NY AG: Internet Providers Spent Millions on 8.5 Million Fake Net Neutrality Comments

Internet providers spent millions of dollars to flood the Federal Communication Commission with fake comments supporting its net neutrality repeal, The New York Times reports.

New York Attorney General Letitia James said Thursday that internet companies used a group called Broadband for America to spend $4.2 million to fund about 8.5 million fake comments in 2017.

Broadband for America’s members include AT&T, Comcast, Charter, and others.

Almost all of the comments were signed by people who had not agreed to use their names on the comments, according to James. Some of the names were obtained in earlier marketing efforts.

The FCC approved the repeal of net neutrality rules in 2017. Supporters of the repeal cited the large number of comments submitted to the agency backing the repeal.

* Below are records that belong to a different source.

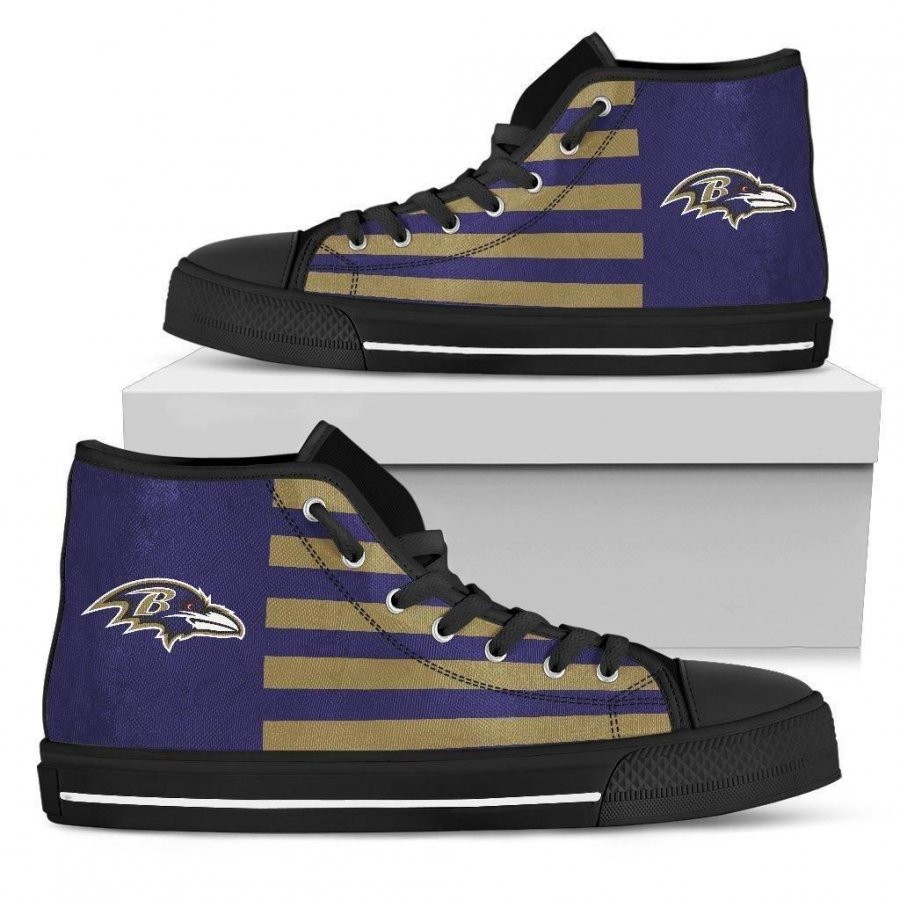 American Flag Baltimore Ravens High Top Shoes #744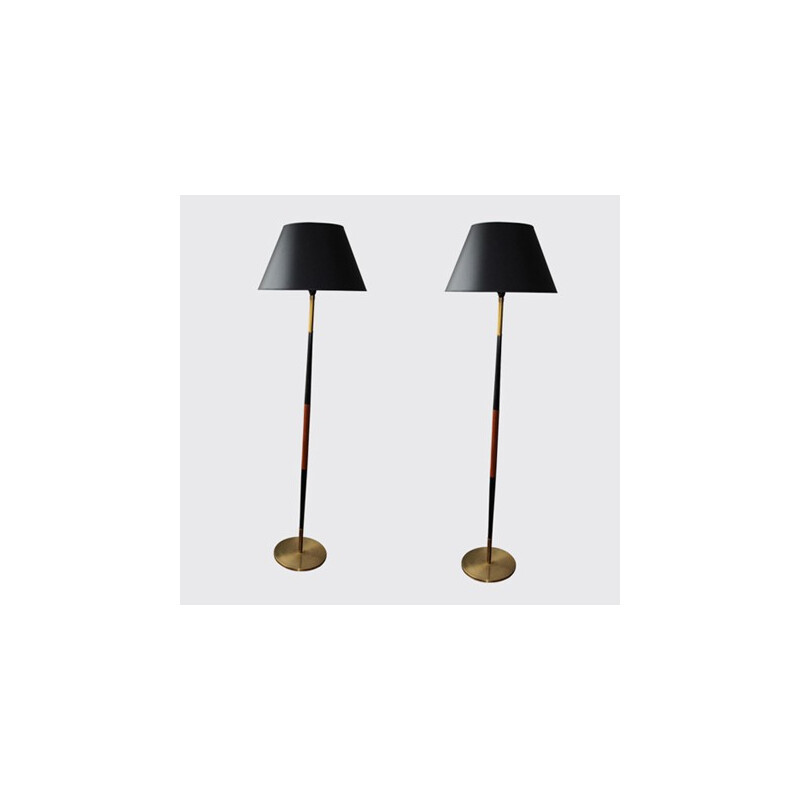 Pair of danish floor lamp in teak and brass - 1960s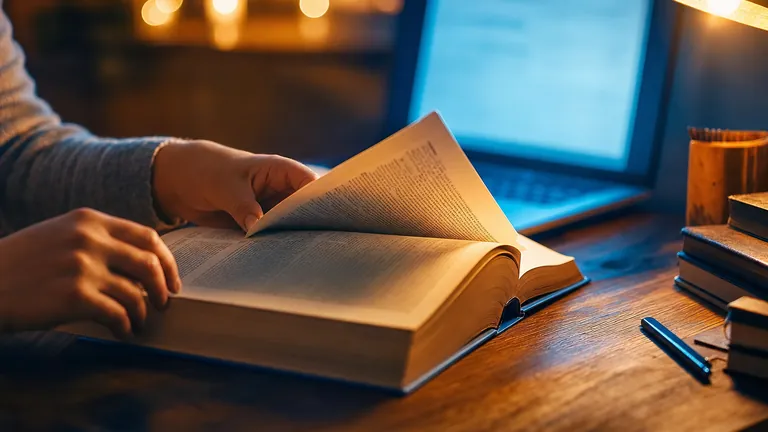 Hands opening a thick book on a wooden desk in front of a laptop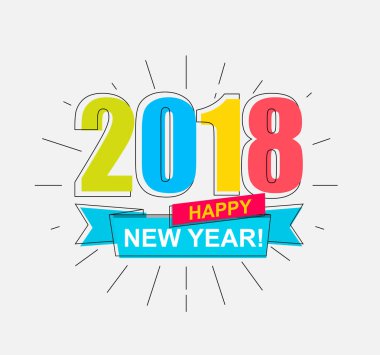 2018 mutlu yeni yıl. afiş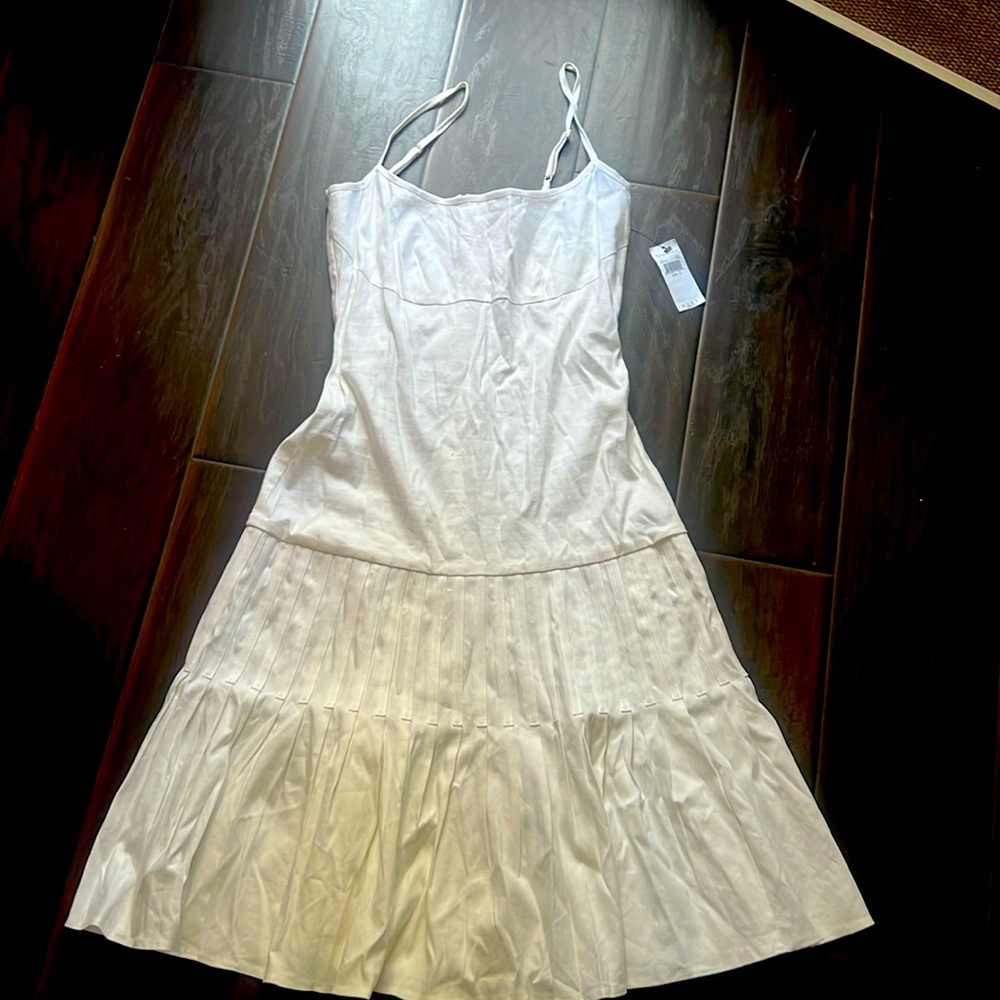 Tahari Spaghetti Strap White Linen/Rayon/Spandex Midi Dress Size 8 New With Tags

Investigators said Broadband for America “commissioned and publicized a third-party study” on the number of comments and briefed the FCC on their findings.

“Significant red flags”:

James said Thursday that there is no evidence that Broadband for America was aware of the fraud but said that several “significant red flags” appeared “shortly after the campaign started, and continued for months yet still remained unheeded.”

“Instead of actually looking for real responses from the American people, marketing companies are luring vulnerable individuals to their websites with freebies, co-opting their identities and fabricating responses that giant corporations are then using to influence the policies and laws that govern our lives,” James said.

James’ office said that it had reached agreements with three lead generation services involved to disclose to individuals how their information is being used and to pay over $4 million in penalties.

Companies aimed to give FCC chief “cover”:

Then-FCC Commissioner Ajit Pai announced in April 2017 that the agency planned to repeal net neutrality rules. Broadband for America began paying lead generation services millions around the same time to generate comments to the FCC.

Investigators said the effort was intended to give Pai “cover” to repeal the rules.

In total, about 18 million of the 22 million comments sent to the FCC were fake. A 19-year-old student was responsible for more than 7.7 million of them.

“The public record should be a place for honest dialogue, but today’s report demonstrates how the record informing the F.C.C.’s net neutrality repeal was flooded with fraud,” Jessica Rosenworcel, the chairwoman of the activist group Fight for the Future, told the Times. “This was troubling at the time because even then the widespread problems with the record were apparent.”